_Your instructions:_ Drop the pictures, then repeat every record exactly as it stands.

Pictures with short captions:
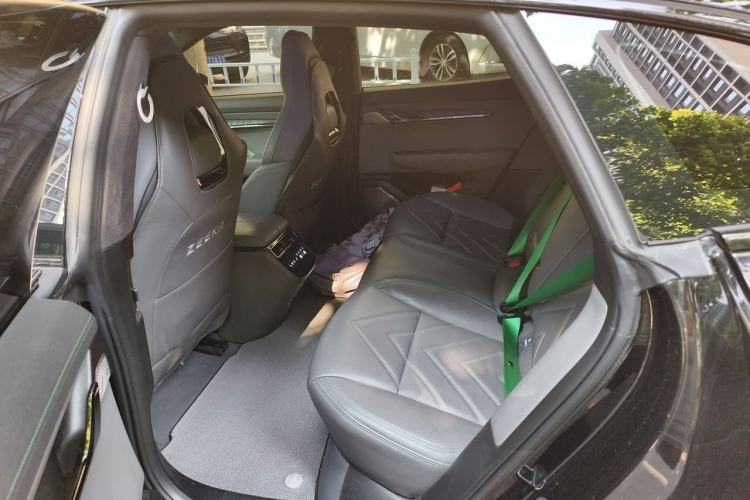 Used Zeekr 001 2023 ME Edition 100 kWh Interior 4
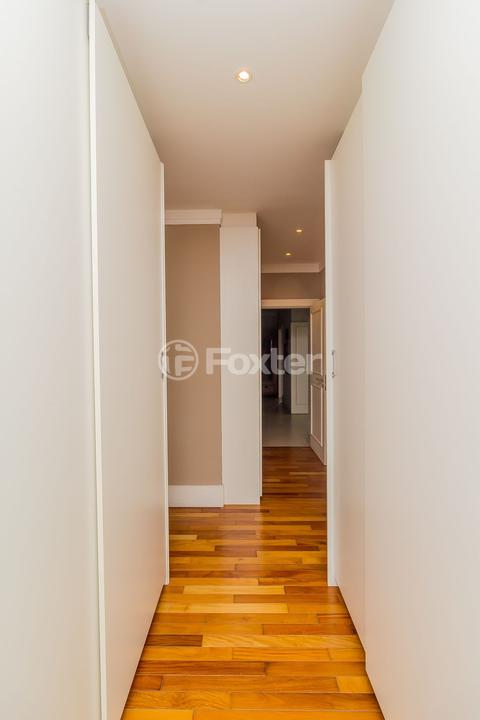 Casa de Condomínio à venda com 4 quartos, 550m² - Foto 43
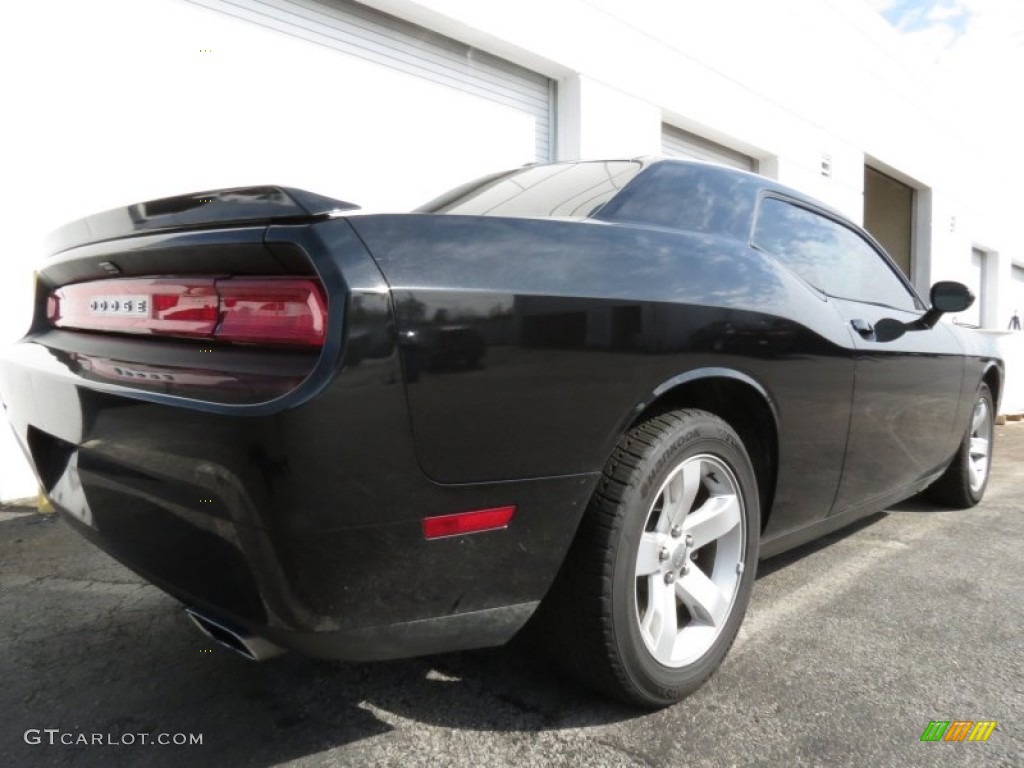 2011 Challenger R/T - Brilliant Black Crystal Pearl / Dark Slate Gray photo #3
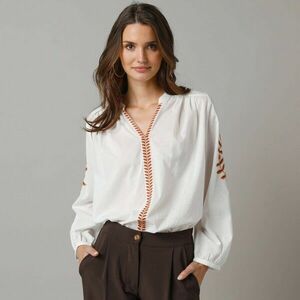 Túlméretezett blúz hímzett részletekkel kép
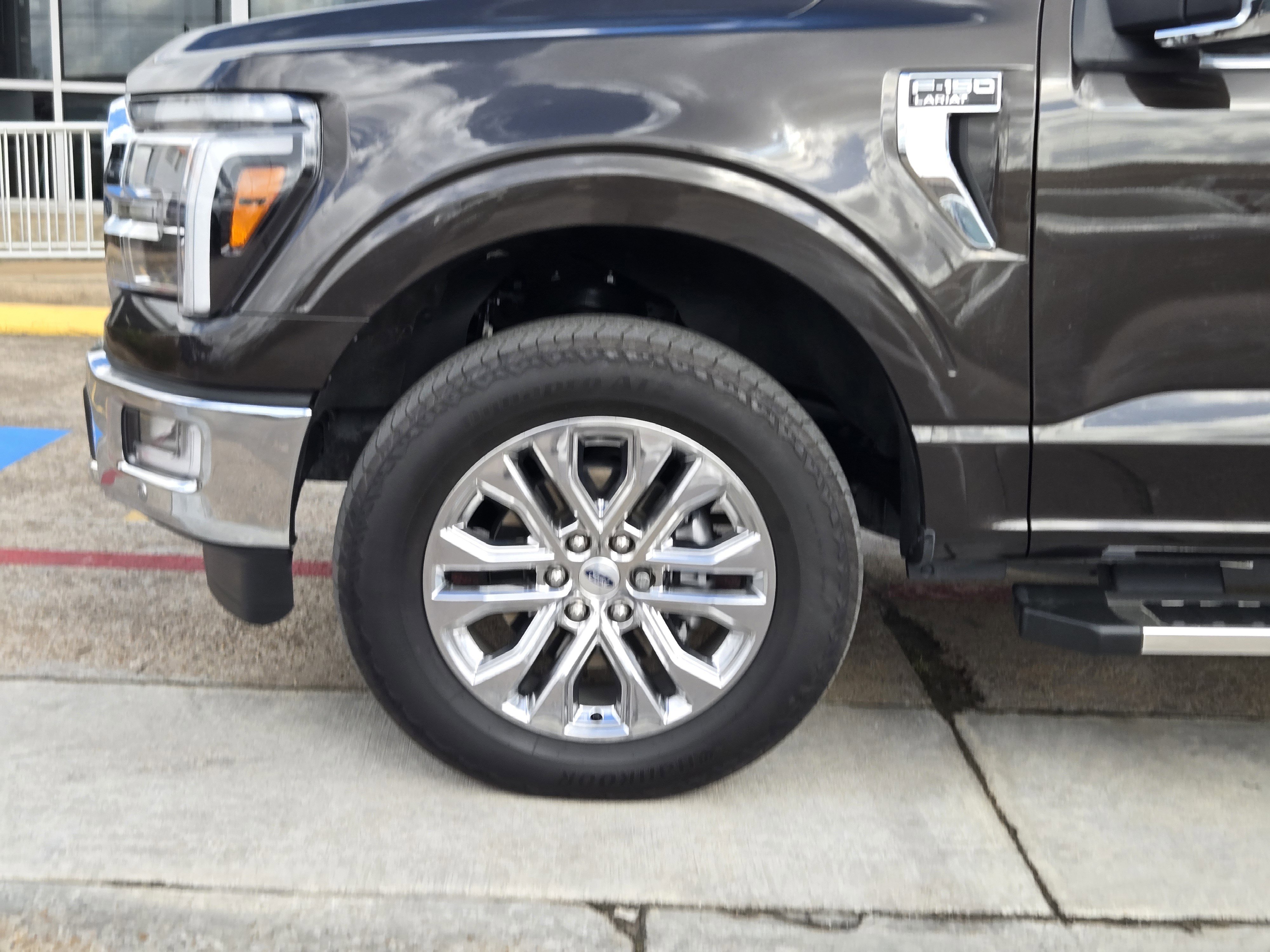 Used 2024 Ford F150 Lariat w/ Equipment Group 502A High image 5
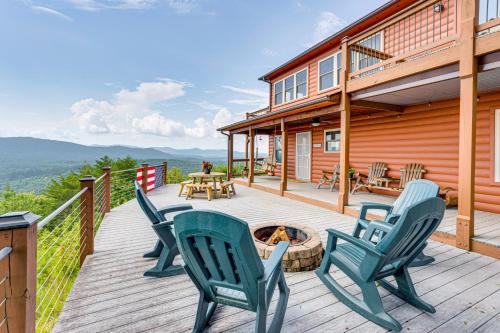 Mtn-View Cabin Deck and Pets Welcome in Murphy in Murphy, USA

_Answer section:_
 Used Zeekr 001 2023 ME Edition 100 kWh Interior 4
 Casa de Condomínio à venda com 4 quartos, 550m² - Foto 43
 2011 Challenger R/T - Brilliant Black Crystal Pearl / Dark Slate Gray photo #3
 Túlméretezett blúz hímzett részletekkel kép
 Used 2024 Ford F150 Lariat w/ Equipment Group 502A High image 5
 Mtn-View Cabin Deck and Pets Welcome in Murphy in Murphy, USA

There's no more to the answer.